PROBLEM STATEMENT » Your answer should be only the lines below from the one with "Brisco Brands Mega" to the one with "Gabe Fenrir on", repeated exactly, ends included.

DATA EXTRACTS »
= = = = =

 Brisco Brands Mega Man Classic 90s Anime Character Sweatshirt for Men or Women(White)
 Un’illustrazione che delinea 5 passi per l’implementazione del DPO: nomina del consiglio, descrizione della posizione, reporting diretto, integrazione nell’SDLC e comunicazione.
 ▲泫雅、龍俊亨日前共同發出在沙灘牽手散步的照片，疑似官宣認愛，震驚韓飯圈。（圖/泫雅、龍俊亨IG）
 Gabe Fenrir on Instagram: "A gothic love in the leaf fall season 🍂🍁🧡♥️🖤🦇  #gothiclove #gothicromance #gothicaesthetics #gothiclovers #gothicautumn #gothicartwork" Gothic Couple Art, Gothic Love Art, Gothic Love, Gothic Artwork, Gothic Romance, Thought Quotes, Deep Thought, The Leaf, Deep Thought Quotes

= = = = =

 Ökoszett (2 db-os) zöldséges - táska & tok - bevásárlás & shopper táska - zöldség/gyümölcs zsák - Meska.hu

= = = = =

TASK OUTPUT »
 Brisco Brands Mega Man Classic 90s Anime Character Sweatshirt for Men or Women(White)
 Un’illustrazione che delinea 5 passi per l’implementazione del DPO: nomina del consiglio, descrizione della posizione, reporting diretto, integrazione nell’SDLC e comunicazione.
 ▲泫雅、龍俊亨日前共同發出在沙灘牽手散步的照片，疑似官宣認愛，震驚韓飯圈。（圖/泫雅、龍俊亨IG）
 Gabe Fenrir on Instagram: "A gothic love in the leaf fall season 🍂🍁🧡♥️🖤🦇  #gothiclove #gothicromance #gothicaesthetics #gothiclovers #gothicautumn #gothicartwork" Gothic Couple Art, Gothic Love Art, Gothic Love, Gothic Artwork, Gothic Romance, Thought Quotes, Deep Thought, The Leaf, Deep Thought Quotes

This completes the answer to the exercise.